Solve $$\cos x \sin x + |\cos x + \sin x| = 1.$$
My sister sent me this problem. I am helping her for it, but since I'm not exactly at my best mental state, I want someone to see if I get the result right.

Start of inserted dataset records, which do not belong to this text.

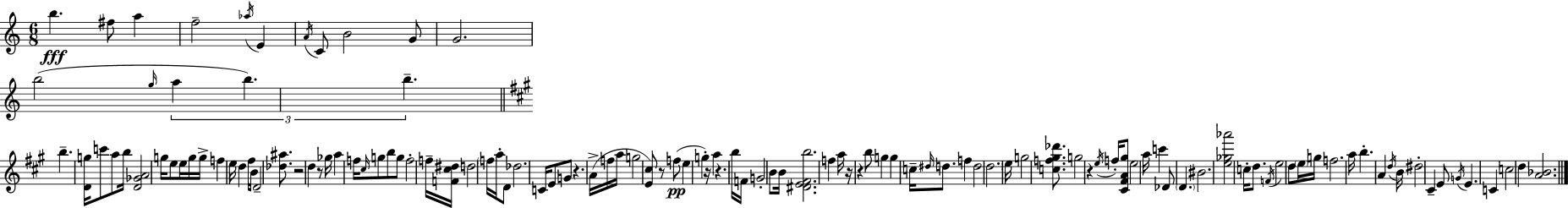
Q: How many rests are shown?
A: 9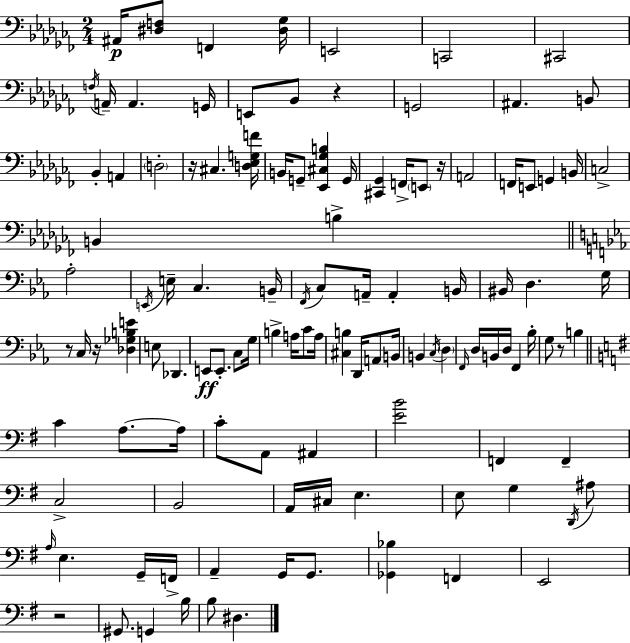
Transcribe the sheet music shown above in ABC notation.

X:1
T:Untitled
M:2/4
L:1/4
K:Abm
^A,,/4 [^D,F,]/2 F,, [^D,_G,]/4 E,,2 C,,2 ^C,,2 F,/4 A,,/4 A,, G,,/4 E,,/2 _B,,/2 z G,,2 ^A,, B,,/2 _B,, A,, D,2 z/4 ^C, [D,_E,G,F]/4 B,,/4 G,,/2 [_E,,^C,_G,B,] G,,/4 [^C,,_G,,] F,,/4 E,,/2 z/4 A,,2 F,,/4 E,,/2 G,, B,,/4 C,2 B,, B, _A,2 E,,/4 E,/4 C, B,,/4 F,,/4 C,/2 A,,/4 A,, B,,/4 ^B,,/4 D, G,/4 z/2 C,/4 z/4 [_D,_G,B,E] E,/2 _D,, E,,/2 E,,/2 C,/2 G,/4 B, A,/4 C/2 A,/4 [^C,B,] D,,/4 A,,/2 B,,/4 B,, C,/4 D, F,,/4 D,/4 B,,/4 D,/4 F,, _B,/4 G,/2 z/2 B, C A,/2 A,/4 C/2 A,,/2 ^A,, [EB]2 F,, F,, C,2 B,,2 A,,/4 ^C,/4 E, E,/2 G, D,,/4 ^A,/2 A,/4 E, G,,/4 F,,/4 A,, G,,/4 G,,/2 [_G,,_B,] F,, E,,2 z2 ^G,,/2 G,, B,/4 B,/2 ^D,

Thanks!
I start by defining
$$ y = |\cos x + \sin x| \Rightarrow y \geq 0 $$
and note that
$$ y^2 = \cos^2x + \sin^2x + 2\sin x \cos x \\ \Rightarrow y^2 = 1 + 2\sin x \cos x \\ \Rightarrow \cos x \sin x = \frac{y^2 - 1}{2} $$
Now I can rewrite the initial equation
$$ \cos x \sin x + |\cos x + \sin x| = 1 \\ \Rightarrow \frac{y^2 - 1}{2} + y = 1 \Rightarrow y^2 - 1 + 2y = 2 \Rightarrow y^2 + 2y - 3 = 0 $$
The last equation has two solutions: $y = 1$ or $y = -3$. Since $y \geq 0$, we take $y = 1$.
With $y = 1$, we have:
$$ |\cos x + \sin x | = 1 \\ \Rightarrow \left| \sqrt{2} \cos\left(x - \frac{\pi}{4}\right) \right| = 1 \\ \Rightarrow \left| \cos\left(x - \frac{\pi}{4}\right) \right| = \frac{1}{\sqrt{2}} \\ \Rightarrow \begin{cases} \cos\left(x - \frac{\pi}{4}\right) = \frac{1}{\sqrt{2}} \Rightarrow x - \frac{\pi}{4} = \pm \frac{\pi}{4} + 2\pi k \Rightarrow \begin{cases} x = \frac{\pi}{2} + 2\pi k \\ x = 2\pi k\end{cases} \\ \cos\left(x - \frac{\pi}{4}\right) = -\frac{1}{\sqrt{2}} \Rightarrow x - \frac{\pi}{4} = \pm \frac{3\pi}{4} + 2\pi k \Rightarrow \begin{cases}x = \pi + 2\pi k \\ x = -\frac{\pi}{2} + 2\pi k\end{cases} \end{cases} \forall k \in \mathbb{Z} \\\\ \Rightarrow \boxed{ \begin{cases} x = \pm \frac{\pi}{2} + 2\pi k \\ x = k\pi \end{cases} \forall k \in \mathbb{Z} } $$
I want to know if my solution is right. What do you think?